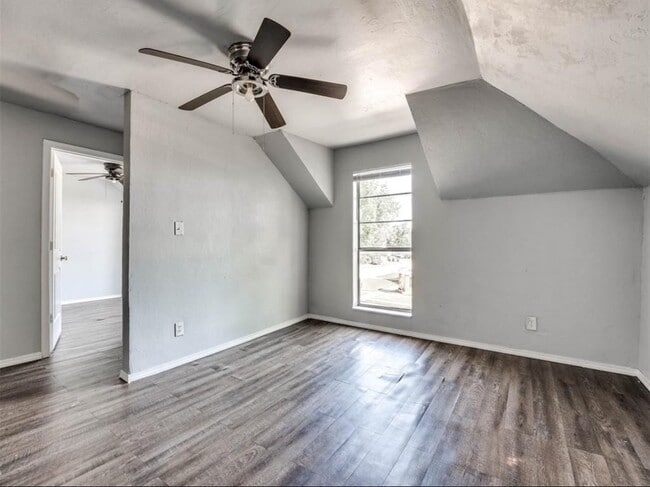 Building Photo - 220 E Springer Ave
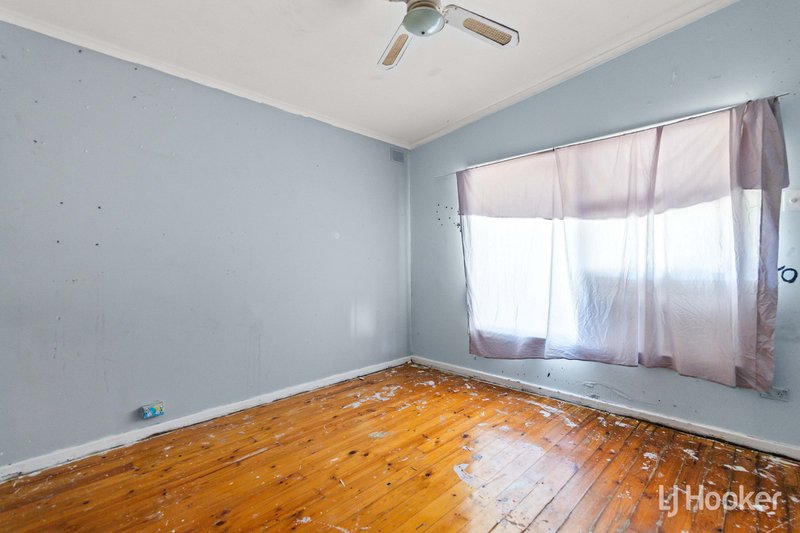 Photo - 4 Rosewarne Crescent, Davoren Park SA 5113 - Image 13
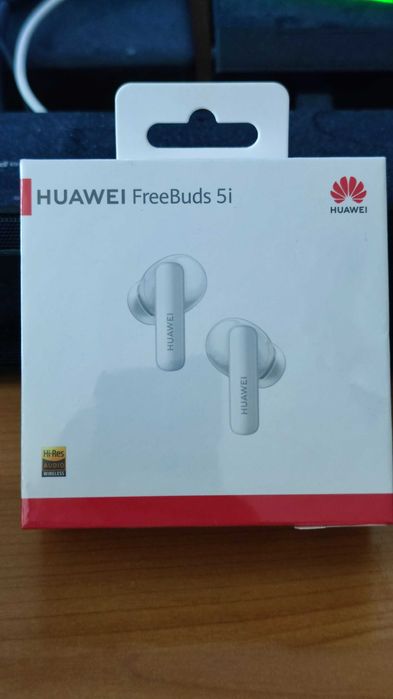Слушалки huawei freebuds 5i - нови неразпечатани , гаранция 5.09.2027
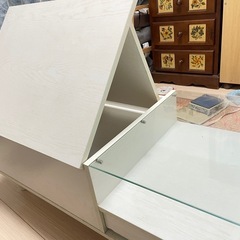 🪞付きテーブルの画像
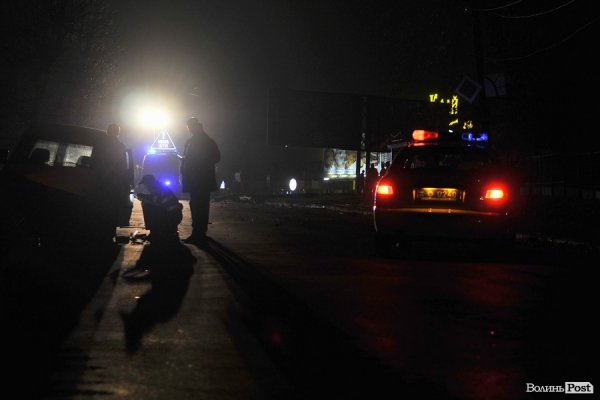 Аварія у Луцьку: машина розтрощила стовп, вулиця – без світла. ФОТО. ВІДЕО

================

Work request: Copy out the material word for word, without any images.

Completed task:
 Building Photo - 220 E Springer Ave
 Photo - 4 Rosewarne Crescent, Davoren Park SA 5113 - Image 13
Слушалки huawei freebuds 5i - нови неразпечатани , гаранция 5.09.2027
 🪞付きテーブルの画像
 Аварія у Луцьку: машина розтрощила стовп, вулиця – без світла. ФОТО. ВІДЕО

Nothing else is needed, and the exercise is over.